Rid’s most recent book, Rise of the Machines(2016), tells the sweeping story of how cybernetics, a late-1940s theory of machines, came to incite anarchy and war (translated into Chinese, Russian, German, Japanese, and Turkish). His 2015 article “Attributing Cyber Attacks” was designed to explain, guide, and improve the identification of network breaches (Journal of Strategic Studies 2015). In 2013 he published the widely-read book Cyber War Will Not Take Place. Rid testified on information security in front of the US Senate Select Committee on Intelligence as well as in the German Bundestag and the UK Parliament.
From 2011 to 2016, Rid was a professor in the Department of War Studies at King’s College London. Between 2003 and 2010, he worked at major think tanks in Berlin, Paris, Jerusalem, and Washington, DC. Rid holds a Ph.D. from Humboldt University in Berlin.
As director of the first of its kind B.S. in cyber-security engineering program at Mason, Peggy Brouse is passionate about building a new breed of cyber-security professional. As the nature of cyber threats has grown, the demand for timely response and effective action has built the groundwork for a discipline of anticipatory action and security design. The future of cyber-resilience relies on products designed to resist cyber attack. Engineers who graduate from Mason’s cyber-security will be prepared to work on teams who develop new technologies designed to safeguard vital systems and data. Brouse’s career in researching requirements engineering, decision support, and process improvement, along with her expertise in engineering education has uniquely equipped her to direct the course of this pioneer program.

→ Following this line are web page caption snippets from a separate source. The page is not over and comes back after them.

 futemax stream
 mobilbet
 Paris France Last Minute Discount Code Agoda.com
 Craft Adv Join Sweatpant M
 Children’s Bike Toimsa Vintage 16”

Ben Buchanan - Faculty Roundtable Speaker
Ben Buchanan is a Postdoctoral Fellow at Harvard University’s Cyber security Project at the Belfer Center for Science and International Affairs, where he conducts research on the intersection of cyber security and statecraft. His first book, The Cybersecurity Dilemma, was published by Oxford University Press in 2017. Previously, he has written on artificial intelligence, attributing cyber attacks, deterrence in cyber operations, cryptography, election cyber security, and the spread of malicious code between nations and non-state actors. He received his Ph.D. in War Studies from King’s College London, where he was a Marshall Scholar, and earned masters and undergraduate degrees from Georgetown University.

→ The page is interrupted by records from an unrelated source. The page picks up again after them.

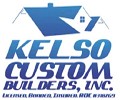 Kelso Custom Builders inc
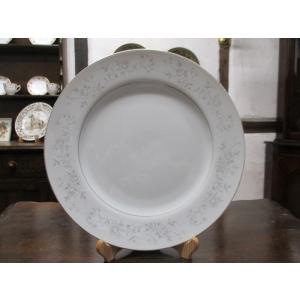 イギリス アンティーク雑貨 Royal Doulton ロイヤルドルトン ケーキ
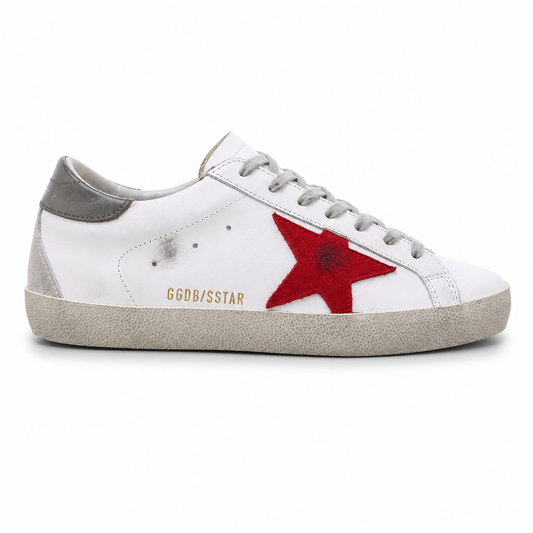 Golden Goose Super-Star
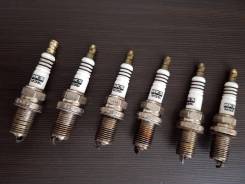 Свеча. Toyota Mark II, JZX105, JZX101, JZX90, GX105, JZX91, JZX110, JZX100, JZX91E, JZX90E, GX100 Toyota Cresta, JZX91, JZX90, JZX100, JZX101, GX100...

Tom Dukes - Faculty Roundtable Speaker
Thomas (Tom) Dukes is an adjunct lecturer at the University of Virginia School of Law (where he teaches Cyber Law and Policy – Law 9221), and also at the University of Virginia Batten School of Public Policy & Leadership (where he will teach a new Cybersecurity Policy class in Spring 2018). He has served as the U.S. Secretary of State’s Deputy Coordinator for Cyber Issues (2011-2016), as a Senior Trial Counsel for the U.S. Department of Justice’s Computer Crime and Intellectual Property Section (2005-2011), as a national security counsel for the U.S. Department of Homeland Security’s Office of General Counsel (2004), and as an active duty U.S. Air Force Judge Advocate (1994-2004). In his military career, Tom served in numerous roles, including Special Assistant to the U.S. Department of Defense General Counsel, cyber operations lawyer for 24th Air Force, circuit trial counsel and military trial judge. Colonel Dukes continues to serve in the U.S. Air Force Reserve and the Virginia Air National Guard, where he is the Commonwealth’s senior Judge Advocate. Tom is a graduate of the Air War College (2011), the University of Virginia School of Law (1994), and the University of Maine at Farmington (1990).

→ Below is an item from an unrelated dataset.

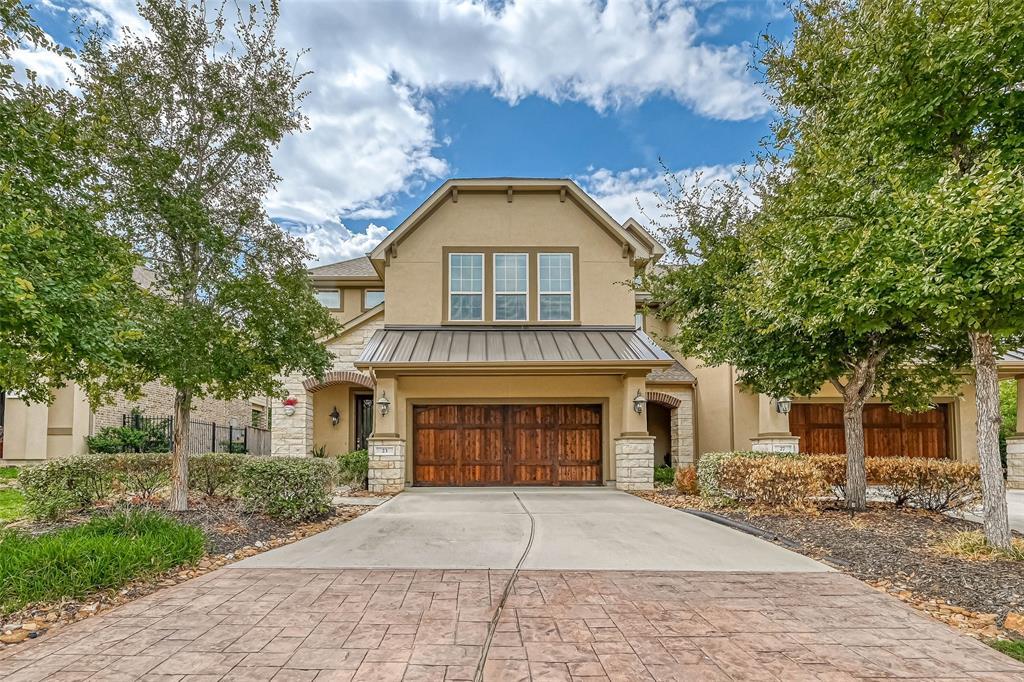 Foto principal - 23 Silver Rock Dr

Dave Raymond - Faculty Roundtable Speaker
David Raymond, Ph. D. serves as Director of the Virginia Cyber Range and Deputy Director of Virginia Tech’s IT Security Office and Lab. He also teaches courses on networking and cyber security in the Virginia Tech Masters of Information Technology program. David previously served on the faculty at West Point where he was an Associate Professor in the Department of Electrical Engineering and Computer Science and Director of Education Research in the Army Cyber Institute, an Army-level research and outreach center. He is co-author of On Cyber: Toward an Operational Art for Cyber Conflict and has published over 25 journal and conference papers in the areas of cyber operations, information assurance, secure wireless protocols, and online privacy. David speaks regularly at industry and academic conferences, to include Black Hat USA, RSA, Shmoocon, and the NATO Conference on Cyber Conflict.